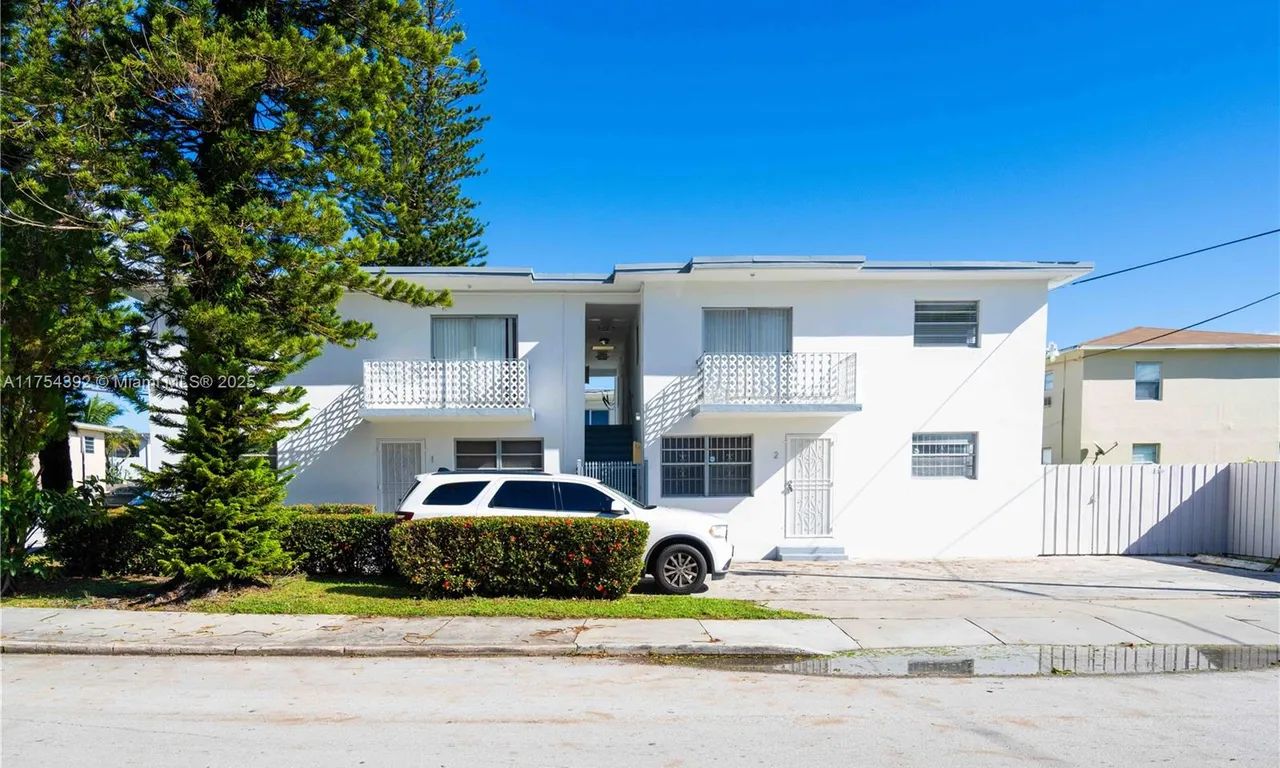 450 NE 82nd Ter # 4, Miami FL 33138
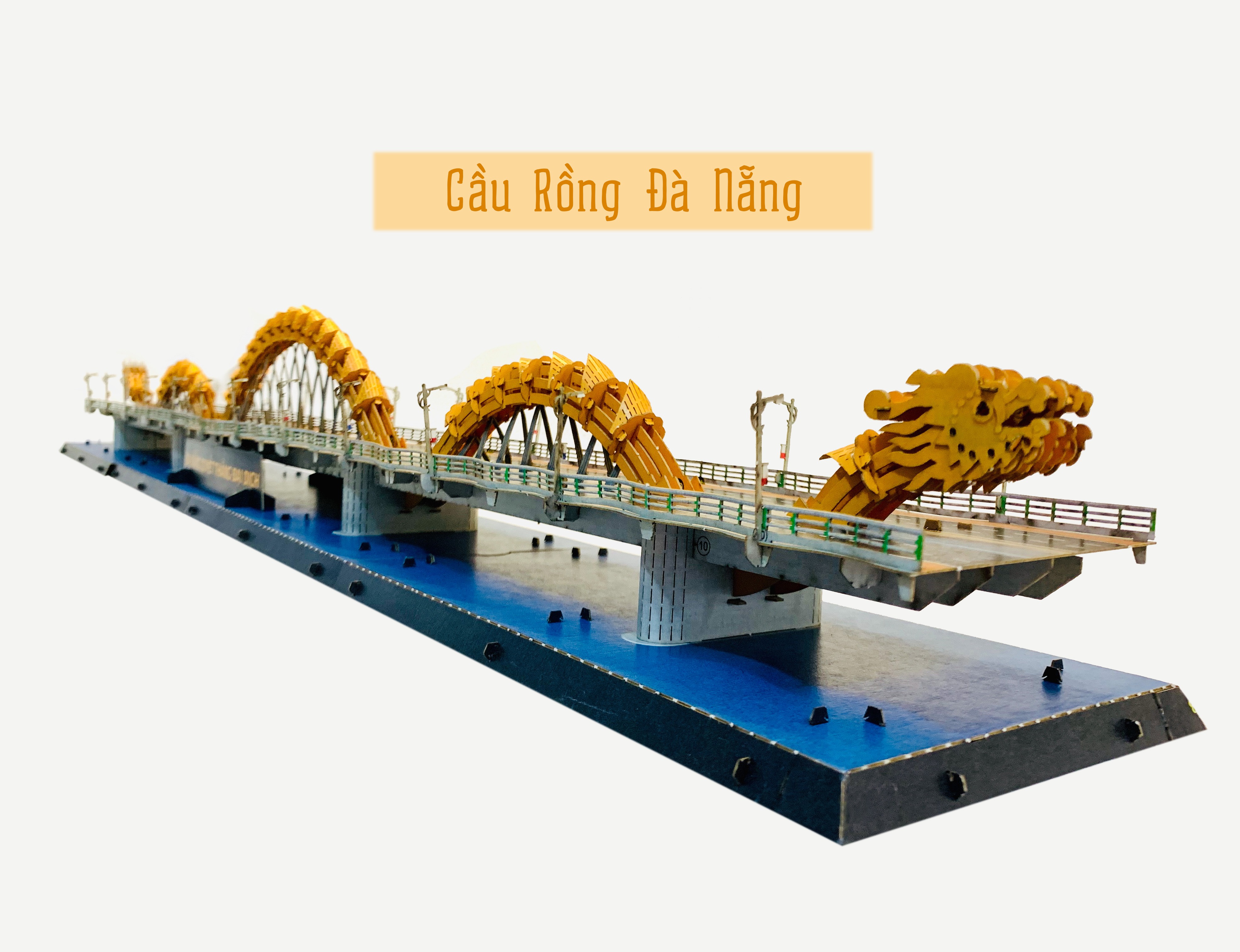 Cầu Rồng Đà Nẵng - Được xem là niềm tự hào của dân tộc Việt Nam, Cầu Rồng Đà Nẵng với thiết kế ấn tượng, tinh tế đã thu hút sự quan tâm của du khách trong và ngoài nước. Hãy xem hình ảnh liên quan để khám phá vẻ đẹp của cây cầu đầy màu sắc này vào ban đêm.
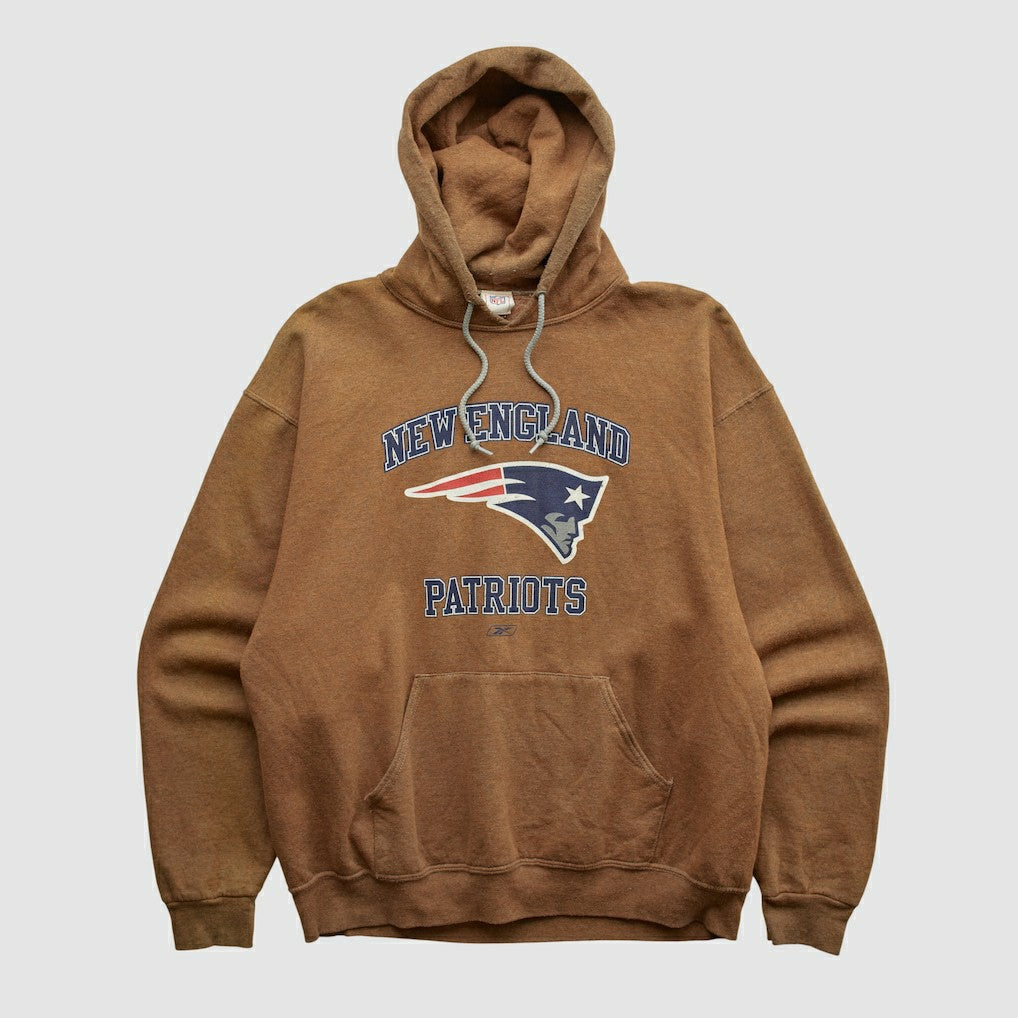 New England Patriots Jerzees 2000s Hooded Sweatshirt - Clay Vintage for sale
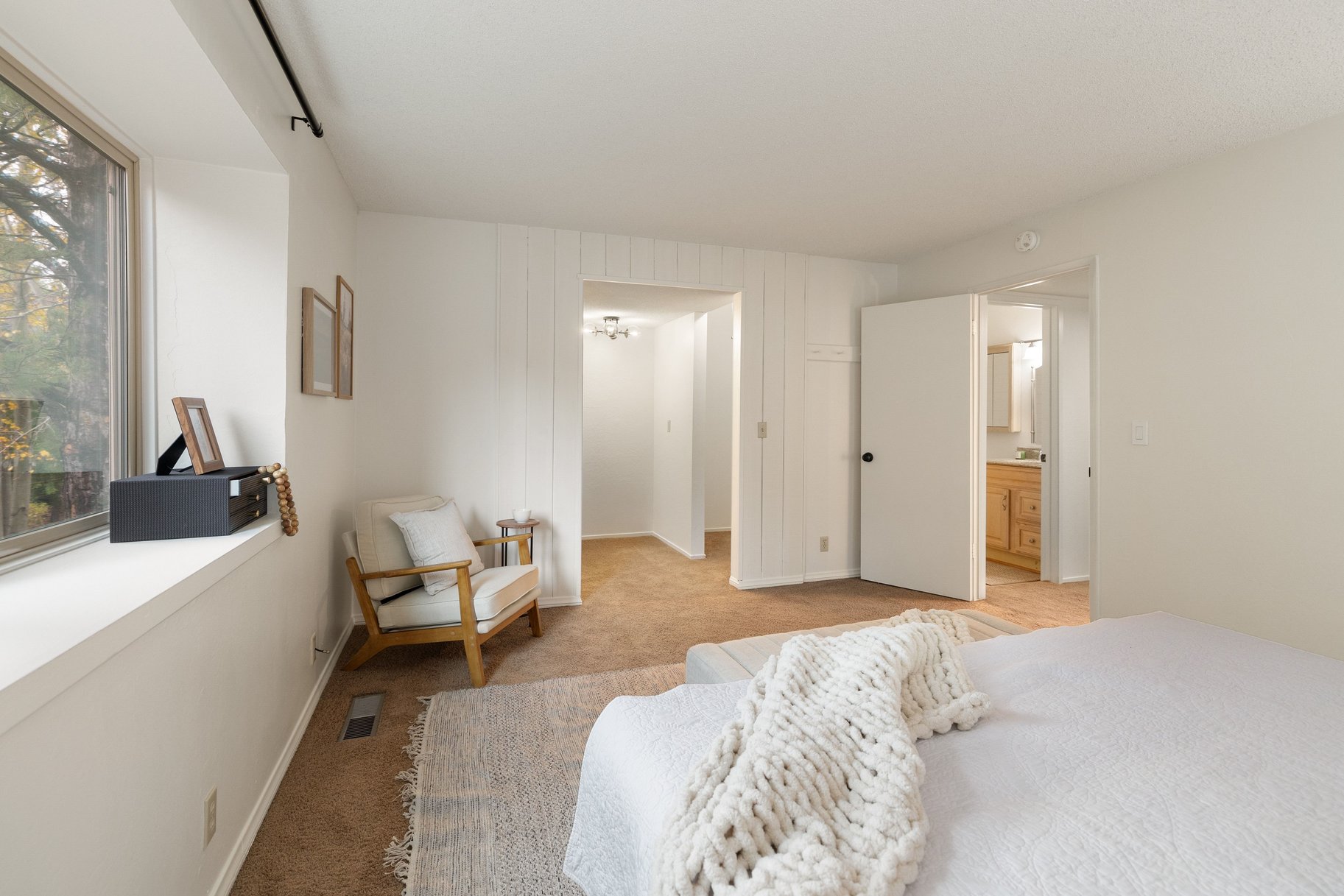  Updated and Well Located Lake Forest Glen Condo - 物件實景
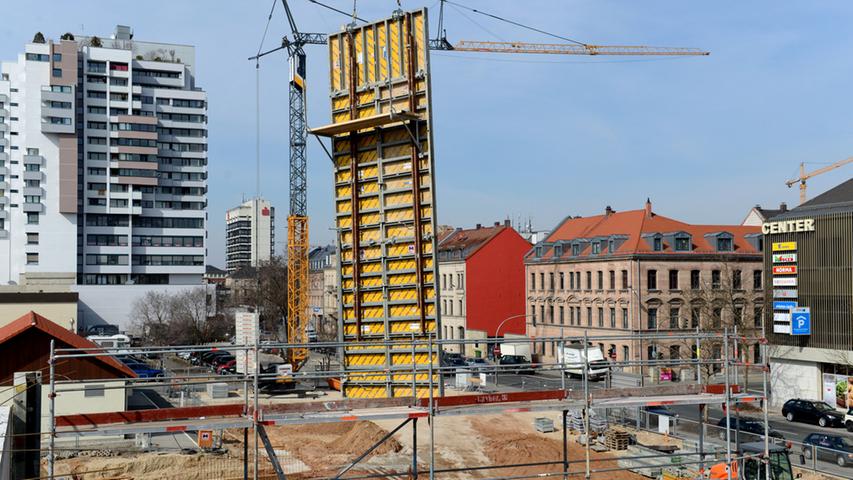 FOTO: Hans-Joachim Winckler DATUM: 16.3.2015..MOTIV: Kino Neubau an der  Gebhardtstraße - Die Arbeiten schreiten voran, die ersten Wände stehen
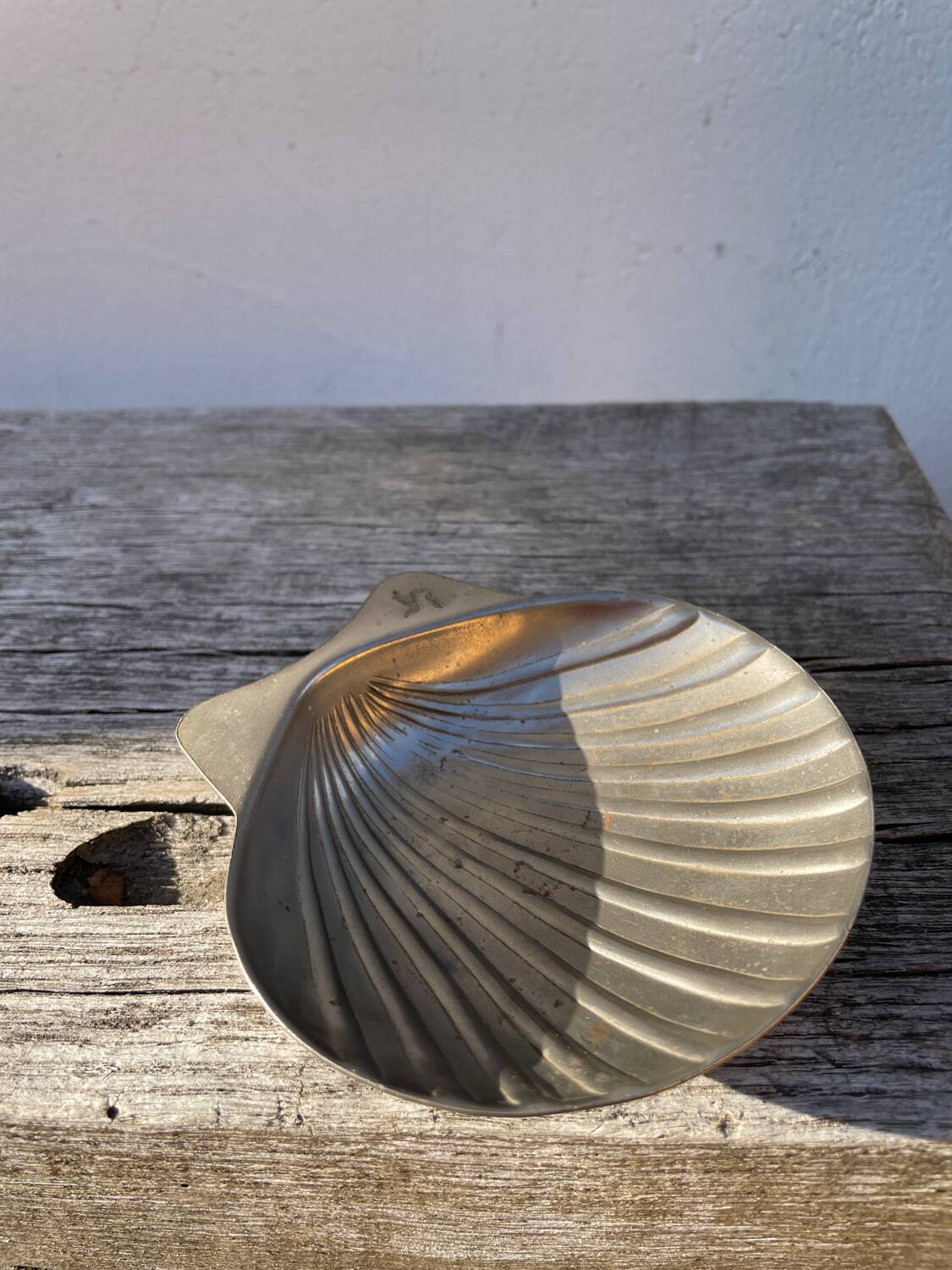 Silver-plated metal shell bowl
▬▬▬
# [WHAT NEEDS TO BE DONE]
The records above must be copied exactly, with no pictures carried over.

# [RESULT OF THE EXERCISE]
 450 NE 82nd Ter # 4, Miami FL 33138
 Cầu Rồng Đà Nẵng - Được xem là niềm tự hào của dân tộc Việt Nam, Cầu Rồng Đà Nẵng với thiết kế ấn tượng, tinh tế đã thu hút sự quan tâm của du khách trong và ngoài nước. Hãy xem hình ảnh liên quan để khám phá vẻ đẹp của cây cầu đầy màu sắc này vào ban đêm.
 New England Patriots Jerzees 2000s Hooded Sweatshirt - Clay Vintage for sale
  Updated and Well Located Lake Forest Glen Condo - 物件實景
 FOTO: Hans-Joachim Winckler DATUM: 16.3.2015..MOTIV: Kino Neubau an der  Gebhardtstraße - Die Arbeiten schreiten voran, die ersten Wände stehen
 Silver-plated metal shell bowl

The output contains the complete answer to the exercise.